### DLT Notes

We cannot make changes directly in dlt pipeline since we cannot see the data. 
We can only see the data once the pipeline is in development mode. This may cause some issues.

Instead: Read the dataframe, Make required Transformations and convert the code into DLT

Note: We cannot run a DLT pipeline with in the notebook. The Delta Live Tables (DLT) module is not supported on this cluster. You should either create a new pipeline or use an existing pipeline to run DLT code.

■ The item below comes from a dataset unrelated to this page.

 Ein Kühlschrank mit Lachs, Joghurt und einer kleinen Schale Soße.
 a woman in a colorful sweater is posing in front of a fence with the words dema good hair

We can Create three things in DLT:
- Streaming table
- Materialized view
- Views -Normal or Streaming

In [0]:
from pyspark.sql.functions import *
from pyspark.sql.types import *

In [0]:
#Read the dataframe

df = spark.read.format("delta")\
          .load("/Volumes/workspace/bronze/bronzevolume/bookings/data")

display(df)

In [0]:
#Make required Transformations

df = df.withColumn("amount",col("amount").cast(DoubleType()))\
        .withColumn("ModifiedDate",current_timestamp())\
        .withColumn("booking_date",to_date(col("booking_date")))\
        .drop("_rescued_data")

display(df)

### Convert the code into DLT

In [0]:
#Load Data Incrementally

@dlt.table(
    name="stage_bookings"
)
def stage_bookings():
    return df

    df = spark.readStream.format("delta")\
            .load("/Volumes/workspace/bronze/bronzevolume/bookings/data")
    return df

In [0]:
#Create Streaming View

@dlt.view(
  name = "trans_bookings"
)
def trans_bookings():

    df = spark.readStream.table("stage_bookings")
    df = df.withColumn("amount",col("amount").cast(DoubleType()))\
            .withColumn("ModifiedDate",current_timestamp())\
            .withColumn("booking_date",to_date(col("booking_date")))\
            .drop("_rescued_data")

  return df

In [0]:
#Create Dictionary for rules

rules = {
    "rule1" : "booking_id IS NOT NULL",
    "rule2" : "passenger_id IS NOT NULL"
}

In [0]:
#Write data from Streaming view into a Streaming Table

@dlt.table(
    name = "silver_bookings"
)
#@dlt.expect_all(rules) #This will check if above rules are meeting. If not it will throw warning
@dlt.expect_all_or_drop(rules) #This will check if above rules are meeting. If not it drop records
#@dlt.expect_all_or_fail(rules) #This will check if above rules are meeting. If not it will fail
def silver_bookings():

    df = spark.read_stream("trans_bookings")
    return df